• Exercise brief
In full and word for word, copy the listing; no pictures belong in the copy.
Information supplied section start
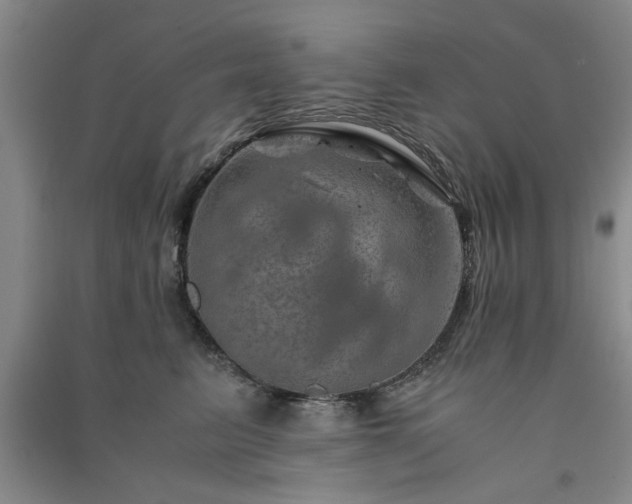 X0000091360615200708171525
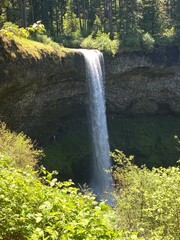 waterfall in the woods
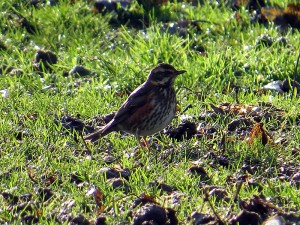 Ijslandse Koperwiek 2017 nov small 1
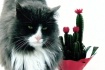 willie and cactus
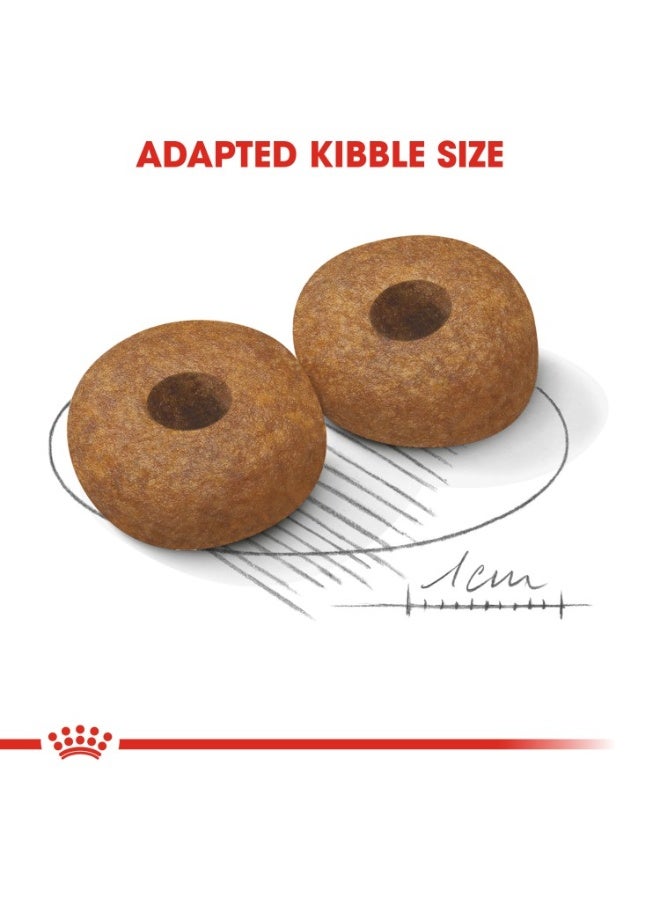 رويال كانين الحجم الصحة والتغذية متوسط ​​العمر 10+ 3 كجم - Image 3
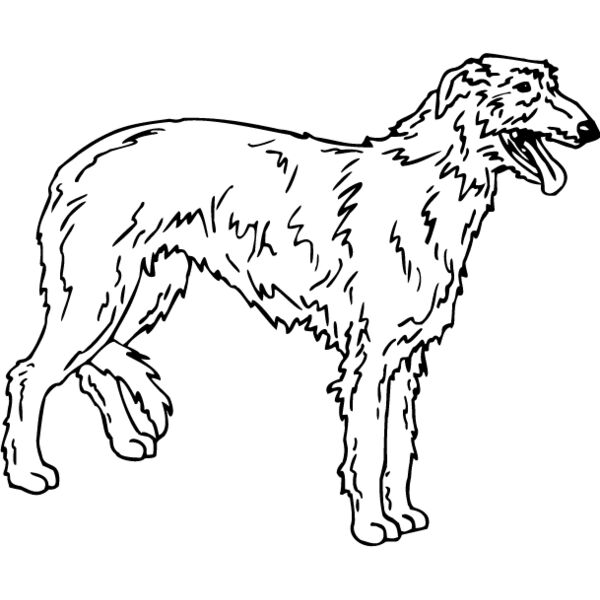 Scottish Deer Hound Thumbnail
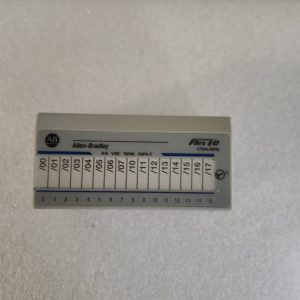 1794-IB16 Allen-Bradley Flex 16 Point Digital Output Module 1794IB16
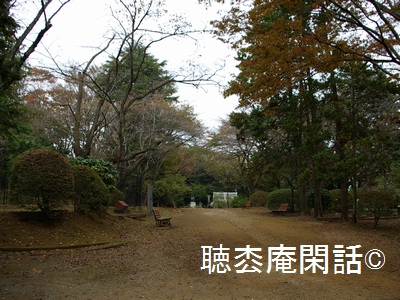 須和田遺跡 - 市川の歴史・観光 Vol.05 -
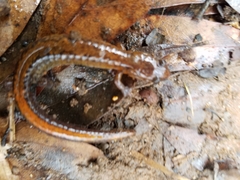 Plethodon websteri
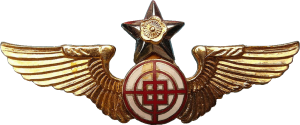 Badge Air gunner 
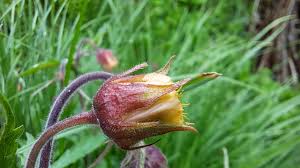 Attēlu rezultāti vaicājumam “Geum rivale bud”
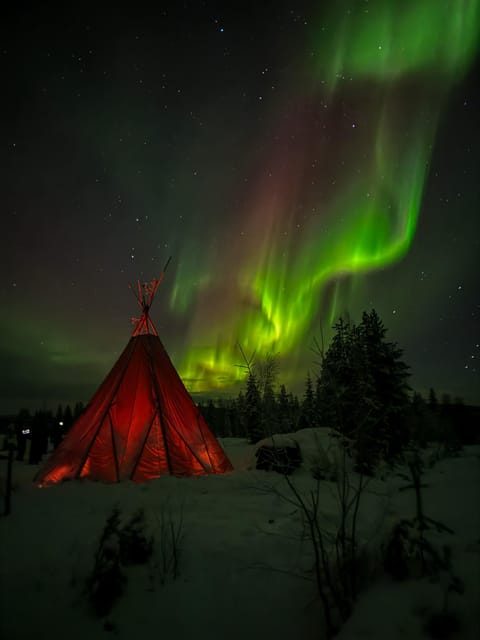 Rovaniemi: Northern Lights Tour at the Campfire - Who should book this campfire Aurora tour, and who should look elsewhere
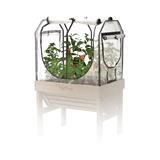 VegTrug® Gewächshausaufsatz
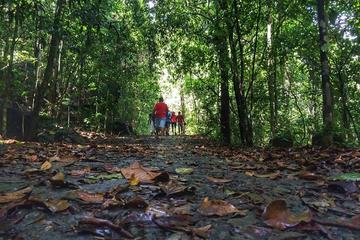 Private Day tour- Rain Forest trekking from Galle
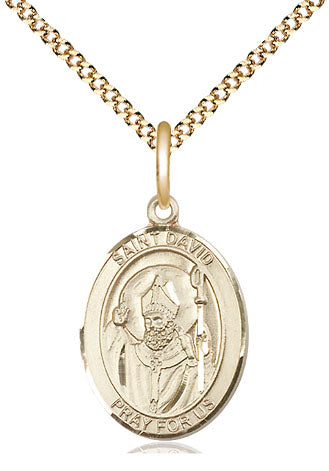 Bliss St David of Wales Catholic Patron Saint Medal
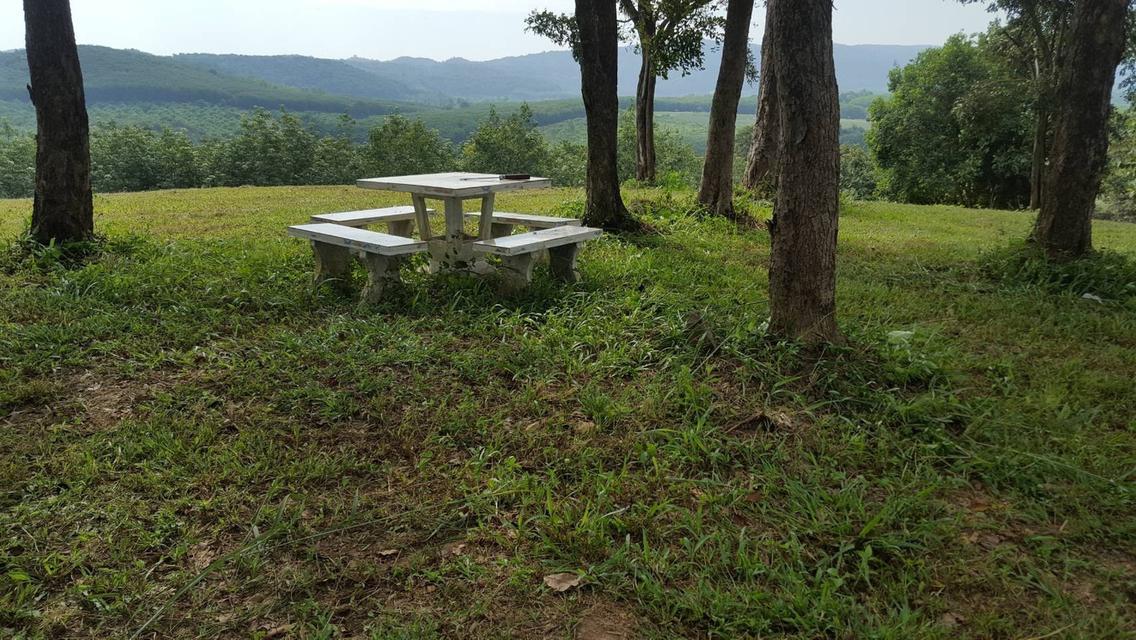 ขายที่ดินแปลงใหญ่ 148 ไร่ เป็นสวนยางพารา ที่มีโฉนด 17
Information supplied section end
• Response to this exercise
 X0000091360615200708171525
 waterfall in the woods
 Ijslandse Koperwiek 2017 nov small 1
 willie and cactus
 رويال كانين الحجم الصحة والتغذية متوسط ​​العمر 10+ 3 كجم - Image 3
 Scottish Deer Hound Thumbnail
 1794-IB16 Allen-Bradley Flex 16 Point Digital Output Module 1794IB16
 須和田遺跡 - 市川の歴史・観光 Vol.05 -
 Plethodon websteri
 Badge Air gunner 
 Attēlu rezultāti vaicājumam “Geum rivale bud”
 Rovaniemi: Northern Lights Tour at the Campfire - Who should book this campfire Aurora tour, and who should look elsewhere
 VegTrug® Gewächshausaufsatz
 Private Day tour- Rain Forest trekking from Galle
 Bliss St David of Wales Catholic Patron Saint Medal
 ขายที่ดินแปลงใหญ่ 148 ไร่ เป็นสวนยางพารา ที่มีโฉนด 17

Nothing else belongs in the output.